When I went to Auburn I was exposed to Jazz and the blues when I attended a Count Basie concert. Another concert was a Big Band and rock and roll. As a result, my tastes in music are a mixed bag of classics, jazz, blues to rock and roll. No rap or country music for me. Even though I grew up having to watch Dolly on the Porter Wagner Show saying ‘bright shiny stripes in boxes of Breeze, and the Grand Ole Opry I do not like country. Maybe that is why I’m not a fan.
After moving back home I started attending the Shoals Symphony concerts at Grace Episcopal Church in Sheffield. The orchestra was the brain child of Betty Dardess and the Tennessee Valley Art Center. Jesse Joiner was its first conductor. In 1985 the Shoals Symphony Orchestra was incorporated as a 501C entity. Over the years the quality of the music has become better and better. Current Director Viljar P. Weimann has taken the symphony from a community based to part of the faculty at the University of North Alabama as of 2002.

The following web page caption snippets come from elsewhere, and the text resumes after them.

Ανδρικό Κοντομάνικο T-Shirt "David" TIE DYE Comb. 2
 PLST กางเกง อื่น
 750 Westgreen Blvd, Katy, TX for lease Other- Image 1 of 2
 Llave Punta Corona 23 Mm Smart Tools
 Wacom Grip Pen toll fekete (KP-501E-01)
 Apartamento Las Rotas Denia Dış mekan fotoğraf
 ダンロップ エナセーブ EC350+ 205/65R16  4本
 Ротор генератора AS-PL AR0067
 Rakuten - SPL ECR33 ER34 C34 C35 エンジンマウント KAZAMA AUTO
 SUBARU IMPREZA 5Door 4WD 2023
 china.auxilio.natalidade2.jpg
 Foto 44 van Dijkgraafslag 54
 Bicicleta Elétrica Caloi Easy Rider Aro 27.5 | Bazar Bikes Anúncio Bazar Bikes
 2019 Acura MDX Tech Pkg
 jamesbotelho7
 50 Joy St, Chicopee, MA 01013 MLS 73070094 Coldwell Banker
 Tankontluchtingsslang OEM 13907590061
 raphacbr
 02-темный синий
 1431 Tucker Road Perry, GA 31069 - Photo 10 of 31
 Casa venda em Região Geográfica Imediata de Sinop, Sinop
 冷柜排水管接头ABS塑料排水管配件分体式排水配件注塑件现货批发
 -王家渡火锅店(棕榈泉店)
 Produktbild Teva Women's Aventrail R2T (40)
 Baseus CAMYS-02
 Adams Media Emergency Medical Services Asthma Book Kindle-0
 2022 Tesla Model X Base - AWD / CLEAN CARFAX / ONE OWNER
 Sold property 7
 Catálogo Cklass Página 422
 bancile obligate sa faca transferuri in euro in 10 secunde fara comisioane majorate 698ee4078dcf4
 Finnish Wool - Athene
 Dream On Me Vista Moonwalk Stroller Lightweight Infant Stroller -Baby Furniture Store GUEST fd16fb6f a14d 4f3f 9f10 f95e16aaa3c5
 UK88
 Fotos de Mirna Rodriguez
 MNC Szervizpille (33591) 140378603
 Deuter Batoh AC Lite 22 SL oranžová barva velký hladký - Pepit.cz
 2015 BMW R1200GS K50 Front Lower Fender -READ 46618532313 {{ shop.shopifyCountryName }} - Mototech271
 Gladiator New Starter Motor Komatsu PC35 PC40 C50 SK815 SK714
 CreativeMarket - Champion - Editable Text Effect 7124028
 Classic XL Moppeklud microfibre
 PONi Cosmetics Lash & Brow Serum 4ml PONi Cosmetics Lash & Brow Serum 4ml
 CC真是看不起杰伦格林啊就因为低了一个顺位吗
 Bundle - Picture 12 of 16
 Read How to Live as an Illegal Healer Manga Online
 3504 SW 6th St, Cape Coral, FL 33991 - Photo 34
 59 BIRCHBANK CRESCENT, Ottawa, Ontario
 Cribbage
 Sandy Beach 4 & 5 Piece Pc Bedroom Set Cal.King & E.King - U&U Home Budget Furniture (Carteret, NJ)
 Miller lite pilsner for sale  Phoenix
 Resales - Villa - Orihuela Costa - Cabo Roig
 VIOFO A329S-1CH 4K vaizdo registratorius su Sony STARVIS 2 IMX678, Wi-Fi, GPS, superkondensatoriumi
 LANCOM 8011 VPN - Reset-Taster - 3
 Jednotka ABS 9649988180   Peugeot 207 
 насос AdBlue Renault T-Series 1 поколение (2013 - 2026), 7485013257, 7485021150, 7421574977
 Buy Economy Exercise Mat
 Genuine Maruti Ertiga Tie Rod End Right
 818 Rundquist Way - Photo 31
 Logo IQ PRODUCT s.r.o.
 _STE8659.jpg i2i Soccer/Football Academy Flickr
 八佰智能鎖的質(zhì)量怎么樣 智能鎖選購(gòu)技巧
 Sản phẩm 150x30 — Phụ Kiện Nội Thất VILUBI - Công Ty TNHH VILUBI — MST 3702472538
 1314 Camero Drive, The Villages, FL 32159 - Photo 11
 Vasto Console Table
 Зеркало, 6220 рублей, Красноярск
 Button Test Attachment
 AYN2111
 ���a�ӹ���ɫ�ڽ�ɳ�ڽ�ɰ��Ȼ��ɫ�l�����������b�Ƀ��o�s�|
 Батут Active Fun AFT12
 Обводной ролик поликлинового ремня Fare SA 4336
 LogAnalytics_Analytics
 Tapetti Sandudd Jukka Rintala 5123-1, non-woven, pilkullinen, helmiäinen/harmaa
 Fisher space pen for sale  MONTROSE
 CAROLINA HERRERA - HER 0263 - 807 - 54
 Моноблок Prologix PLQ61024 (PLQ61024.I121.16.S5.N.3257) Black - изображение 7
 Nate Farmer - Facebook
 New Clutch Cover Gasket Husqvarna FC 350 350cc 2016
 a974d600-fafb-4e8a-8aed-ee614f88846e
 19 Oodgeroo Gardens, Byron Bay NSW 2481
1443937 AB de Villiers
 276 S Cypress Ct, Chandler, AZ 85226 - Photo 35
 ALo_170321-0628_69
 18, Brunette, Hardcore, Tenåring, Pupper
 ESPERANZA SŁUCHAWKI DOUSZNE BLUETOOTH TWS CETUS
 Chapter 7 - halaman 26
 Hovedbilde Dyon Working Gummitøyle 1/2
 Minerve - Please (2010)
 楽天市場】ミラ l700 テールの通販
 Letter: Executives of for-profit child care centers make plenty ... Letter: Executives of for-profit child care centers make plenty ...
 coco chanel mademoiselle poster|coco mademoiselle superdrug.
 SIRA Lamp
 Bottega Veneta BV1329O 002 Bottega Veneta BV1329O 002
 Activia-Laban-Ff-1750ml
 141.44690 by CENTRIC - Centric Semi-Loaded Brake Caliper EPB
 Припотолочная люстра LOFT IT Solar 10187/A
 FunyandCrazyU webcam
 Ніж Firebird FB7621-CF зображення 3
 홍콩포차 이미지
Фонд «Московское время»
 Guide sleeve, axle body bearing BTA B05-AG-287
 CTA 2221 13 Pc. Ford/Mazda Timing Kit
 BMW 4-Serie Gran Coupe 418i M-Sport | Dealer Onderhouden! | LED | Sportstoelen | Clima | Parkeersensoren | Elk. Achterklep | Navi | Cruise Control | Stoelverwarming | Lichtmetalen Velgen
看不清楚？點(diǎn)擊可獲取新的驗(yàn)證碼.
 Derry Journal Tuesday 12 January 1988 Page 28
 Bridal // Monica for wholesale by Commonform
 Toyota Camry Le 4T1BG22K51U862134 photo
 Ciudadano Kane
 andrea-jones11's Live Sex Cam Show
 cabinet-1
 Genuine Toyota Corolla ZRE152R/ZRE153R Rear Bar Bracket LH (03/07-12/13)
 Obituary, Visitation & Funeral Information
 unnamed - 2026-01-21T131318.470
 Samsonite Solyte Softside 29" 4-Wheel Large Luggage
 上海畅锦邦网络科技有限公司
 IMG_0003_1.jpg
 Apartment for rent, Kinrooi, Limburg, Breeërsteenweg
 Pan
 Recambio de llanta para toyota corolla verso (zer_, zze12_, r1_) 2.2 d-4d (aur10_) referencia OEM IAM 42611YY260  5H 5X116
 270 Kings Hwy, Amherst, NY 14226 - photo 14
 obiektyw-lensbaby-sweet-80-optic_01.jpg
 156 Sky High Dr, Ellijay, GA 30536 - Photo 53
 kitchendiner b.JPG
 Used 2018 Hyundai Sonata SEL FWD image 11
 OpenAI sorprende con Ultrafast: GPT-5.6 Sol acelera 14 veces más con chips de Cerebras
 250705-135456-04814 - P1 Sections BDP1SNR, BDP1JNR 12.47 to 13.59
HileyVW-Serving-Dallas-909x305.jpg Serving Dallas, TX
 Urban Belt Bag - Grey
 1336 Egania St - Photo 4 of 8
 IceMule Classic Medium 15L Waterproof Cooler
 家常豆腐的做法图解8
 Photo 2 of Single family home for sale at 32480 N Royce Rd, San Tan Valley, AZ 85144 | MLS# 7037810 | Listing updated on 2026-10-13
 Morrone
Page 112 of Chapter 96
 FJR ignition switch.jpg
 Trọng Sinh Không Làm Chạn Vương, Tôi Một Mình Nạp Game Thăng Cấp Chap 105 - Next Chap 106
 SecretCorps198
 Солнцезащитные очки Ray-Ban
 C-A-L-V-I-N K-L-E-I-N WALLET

Last December, International composer and conductor Roger Briggs, a native of Florence, was commissioned by the Symphony to compose a piece celebrating the 30th anniversary of the Shoals Symphony at UNA. The world premiere of Symphony No. 2 “The Shoals” was presented at the concert.
The next concert by the Shoals Symphony at UNA will be on Sunday March 10 at 2 PM at Norton Auditorium. They will be joined by the Florence High School Orchestra. The symphony will perform Gershwin’s “Cuban Overture” which will feature traditional Cuban percussion instruments. I think of Ricky Ricardo on his congo drum when I hear traditional Cuban percussion instruments. Ian McCollum and Andrew Mills, winners of the UNA Collegiate Artist Solo Competition will also perform. The press release had the pieces that they will play, but my fingers had trouble typing all those fancy words.
Come Sunday, I’ll be there trying to remember which cartoon each piece goes with.